In Deutz sind die vier Kölschpop-Musiker schon einmal im „Brauhaus ohne Namen“ aufgetreten. Etwas versteckt liegt die Wirtschaft in der Mathildenstraße. Hier machte im Jahr 2013 auch die Loss-mer-singe-Tour Halt, als der Cat-Ballou-Hit „Et jitt kei Wood“ im Rennen war und gewann. Oliver Niesen ließ es sich mit seinen Bandkollegen nicht nehmen, dort vorbei zu schauen. „Wir wollten die Stimmung mitbekommen, wenn unser Lied gespielt wird“, erinnert er sich. Zufällig waren auch die Kollegen von Kasalla an dem Abend im Brauhaus, deren Lied „Immer noch do“ ebenfalls bei der karnevalistischen Einsingtour zur Wahl stand. „Am Ende standen wir bei der Verkündung der Sieger Arm in Arm mit den Kasalla-Jungs zusammen und haben die Entscheidung gehört“, erzählt Niesen. „Das war einfach ein wunderschöner Augenblick – und die Geburtsstunde von »Hück steiht die Welt still«.“ Der Song eroberte ein Jahr später die Herzen der Karnevals-Fans.

Im nächsten Abschnitt nimmt uns Oliver Niesen mit zu einer ersten eigenen Wohnung.

Langsam schlägt Niesen wieder den Weg in Richtung Deutzer Freiheit ein.
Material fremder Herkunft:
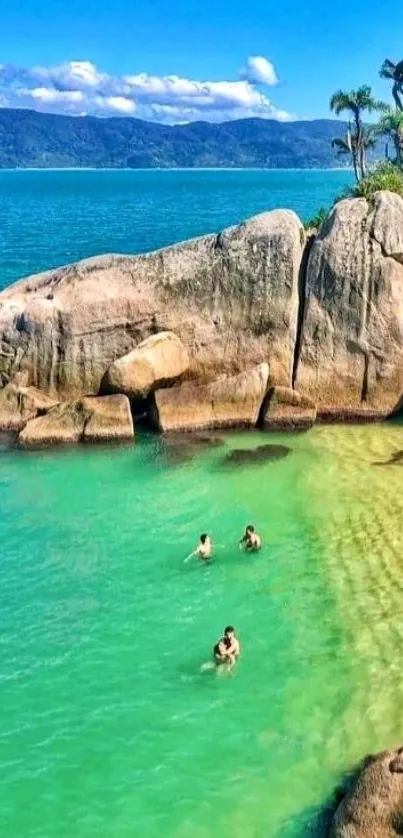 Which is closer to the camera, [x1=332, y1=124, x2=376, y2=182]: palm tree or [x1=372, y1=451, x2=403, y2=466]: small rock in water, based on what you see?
[x1=372, y1=451, x2=403, y2=466]: small rock in water

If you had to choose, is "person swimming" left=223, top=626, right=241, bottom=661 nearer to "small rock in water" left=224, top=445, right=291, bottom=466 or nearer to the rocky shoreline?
"small rock in water" left=224, top=445, right=291, bottom=466

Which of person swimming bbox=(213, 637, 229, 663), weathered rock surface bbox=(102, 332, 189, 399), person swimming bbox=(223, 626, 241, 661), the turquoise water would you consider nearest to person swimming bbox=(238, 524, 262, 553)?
person swimming bbox=(223, 626, 241, 661)

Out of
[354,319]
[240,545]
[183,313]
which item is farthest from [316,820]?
[183,313]

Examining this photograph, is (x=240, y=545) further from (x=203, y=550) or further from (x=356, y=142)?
(x=356, y=142)

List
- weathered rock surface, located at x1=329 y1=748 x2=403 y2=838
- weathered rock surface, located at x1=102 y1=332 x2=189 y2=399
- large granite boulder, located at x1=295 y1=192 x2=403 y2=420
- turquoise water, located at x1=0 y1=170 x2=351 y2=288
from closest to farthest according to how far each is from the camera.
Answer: weathered rock surface, located at x1=329 y1=748 x2=403 y2=838, weathered rock surface, located at x1=102 y1=332 x2=189 y2=399, large granite boulder, located at x1=295 y1=192 x2=403 y2=420, turquoise water, located at x1=0 y1=170 x2=351 y2=288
Er bleibt aber an der Ecke Adolphstraße, Helenenwallstraße noch einmal stehen und begutachtet ein modernisiertes Mehrfamilienhaus. „Da oben im fünften Stock waren meine ersten vier Wände in Deutz“, sagt er etwas wehmütig.

Kein Blick auf den Dom

Vor einem Jahr ist er von dort in eine kleinere Wohnung gezogen, weil seine Freundin beruflich nach Antwerpen gegangen ist. „Hier hatte ich eine fantastische Aussicht. Aus einem Fenster konnte ich sogar ein kleines Stückchen vom Dom sehen.“ In seinem neuen Zuhause im zweiten Stock muss er auf einen solchen Vorzug verzichten. „Jetzt ist es einfach nur noch eine Wohnung, nichts Besonderes mehr.“ Doch bis zum Blick auf den Dom hat Niesen es zum Glück nicht weit. Das Rheinufer ist nur einige Meter entfernt.
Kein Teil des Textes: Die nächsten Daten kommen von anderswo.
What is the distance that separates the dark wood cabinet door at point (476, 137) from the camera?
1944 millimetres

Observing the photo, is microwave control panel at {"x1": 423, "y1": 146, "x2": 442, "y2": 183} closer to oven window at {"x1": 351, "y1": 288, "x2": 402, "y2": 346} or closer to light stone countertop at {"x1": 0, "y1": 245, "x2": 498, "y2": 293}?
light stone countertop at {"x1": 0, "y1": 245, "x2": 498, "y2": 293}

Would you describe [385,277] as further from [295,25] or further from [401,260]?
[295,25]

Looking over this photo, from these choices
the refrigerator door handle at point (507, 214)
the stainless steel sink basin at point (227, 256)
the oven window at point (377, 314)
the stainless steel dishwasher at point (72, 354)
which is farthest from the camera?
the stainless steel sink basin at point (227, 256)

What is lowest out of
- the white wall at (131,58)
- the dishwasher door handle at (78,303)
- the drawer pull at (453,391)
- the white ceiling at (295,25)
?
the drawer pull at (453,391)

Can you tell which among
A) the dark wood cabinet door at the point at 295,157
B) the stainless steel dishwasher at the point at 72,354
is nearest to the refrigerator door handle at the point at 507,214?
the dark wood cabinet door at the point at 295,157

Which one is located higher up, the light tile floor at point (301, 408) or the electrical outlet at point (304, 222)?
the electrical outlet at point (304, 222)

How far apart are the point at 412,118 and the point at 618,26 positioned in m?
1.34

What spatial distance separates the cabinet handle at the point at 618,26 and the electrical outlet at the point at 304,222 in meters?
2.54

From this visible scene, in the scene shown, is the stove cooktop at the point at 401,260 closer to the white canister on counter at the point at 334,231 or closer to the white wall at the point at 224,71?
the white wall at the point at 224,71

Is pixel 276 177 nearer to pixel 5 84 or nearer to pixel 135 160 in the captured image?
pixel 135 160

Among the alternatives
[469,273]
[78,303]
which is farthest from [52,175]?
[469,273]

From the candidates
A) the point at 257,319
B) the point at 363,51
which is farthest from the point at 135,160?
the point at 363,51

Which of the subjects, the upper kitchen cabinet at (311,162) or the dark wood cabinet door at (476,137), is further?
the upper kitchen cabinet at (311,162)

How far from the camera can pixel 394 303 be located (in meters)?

Bevor der Veedelsspaziergang auf der Deutzer Freiheit endet, schaut Oliver Niesen noch bei der Bäckerei Hütten vorbei. „Langsam bekomme ich richtig Hunger. Ich habe noch gar nicht gefrühstückt“, fällt ihm am frühen Mittag ein. Zwischendurch erhascht Niesen immer wieder den einen oder anderen neugierigen Blick von Passanten. „Mittlerweile werde ich auf der Straße schon öfter erkannt. Aber das ist okay“, sagt der 29-Jährige, der vor allem wegen seines Hutes auffällt, der zum Markenzeichen geworden ist. Das gehöre eben zum Erfolg dazu.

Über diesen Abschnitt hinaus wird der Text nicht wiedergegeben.